Horace Ireland

18122 Private, Royal Marines Light Infantry

Horace Ireland | From the collection of Heather Maginn
Horace Ireland
From the collection of Heather Maginn
Royal Marines cap badge
Royal Marines cap badge
Horace Ireland's one-page Navy service record sheet | The National Archive
Horace Ireland's one-page Navy service record sheet
The National Archive
The Laconia at New York in 1912 | Frank Braynard, Public Domain licence, Wikipedia
The Laconia at New York in 1912
Frank Braynard, Public Domain licence, Wikipedia

fFamily background

Horace Ireland was born on the 21st June 1896 at Biggleswade, Bedfordshire, one of the children of Arthur Ireland, a railway porter born in 1872 at Biggleswade, and Fanny Ireland, who also came from Biggleswade. In 1901, the family had moved to Bottesford High St, where there were four children, Arthur (b.1894 at Biggleswade), Horace, Ivey (b.1899 at Biggleswade) and Mabel (b.1900 in Bottesford). However, by the 1911 Census day they had moved to Nottingham, living at 29 Forester Street, Netherfield. Their father was now employed as a railway brakesman. Horace, now 14, had left school and was employed as an ‘errand boy, furniture manufactory’, while Arthur, now 16, worked as a railway engine cleaner

The Ireland family were Methodists. Both Arthur and his brother Horace are named on the Bottesford Methodist Chapel Roll of Honour.

Service record

Horace Ireland enlisted on the 14th August 1912 at Chatham, describing himself as a framework knitter, and giving his next of kin as his father Arthur Ireland of 6 Midland Avenue, Kenrick Street, Netherfield, Nottingham. Horace also gave his home address as 81 Alfred St, South Nottingham.

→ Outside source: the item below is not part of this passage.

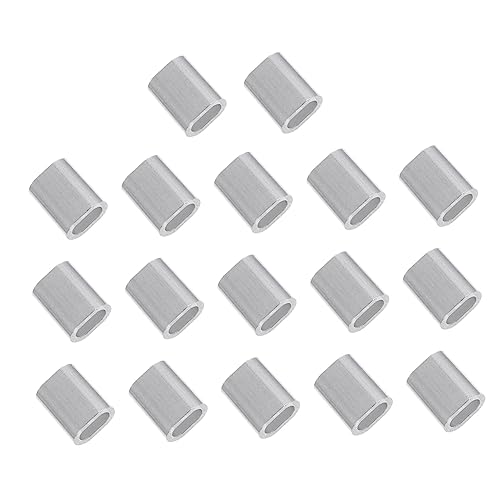 KICHOUSE Wire Rope Chuck 100 Pcs 3mm Oval Flat Hole Aluminum Crimping Loop Sleeves Cable Clamps Fishing Line Connect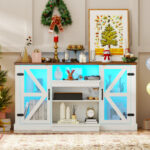 LED Entertainment Center with Adjustable Shelves and Remote Control 8 LED Entertainment Center with Adjustable Shelves and Remote Control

He was posted to the Recruitment Depot at Deal and then to Chatham, where he was stationed at the outbreak of WW1. On the 23rd November he embarked on HMS Laconia, a posting he retained until the 3rd February, 1916. Laconia was a Cunard liner launched in 1911, which was taken over by the Royal Navy and converted into an armed merchant cruiser in 1914 and was then based at Simon’s Town, South Africa until 1916. She became a headquarters ship for the capture of German East Africa before returning to the UK in June 1916, by which time Horace Ireland had transferred to the land-based East African Expeditionary Force.

The Laconia was returned to Cunard in 1916, but was torpedoed and sunk off Fastnet on the 29th February 1917, when returning from the USA to England with 292 passengers and crew, 12 of whom were killed. Though the loss pales in comparison to that of the Lusitania, the sinking of the Laconia was a factor in raising American support for entering the war. After her loss, a second Cunard liner named Laconia was launched in 1921.

On the 4th February 1916, Horace Ireland was posted to the East African Expeditionary Force, where he stayed until the 29th August 1917.He was fortunate, perhaps, to have survived this, bearing in mind the scale of casualties. He may well have suffered injuries or disease during the fighting, and this may be the reason that he had only shore posting in England for the remainder of the war, finally leaving ‘for compassionate reasons’.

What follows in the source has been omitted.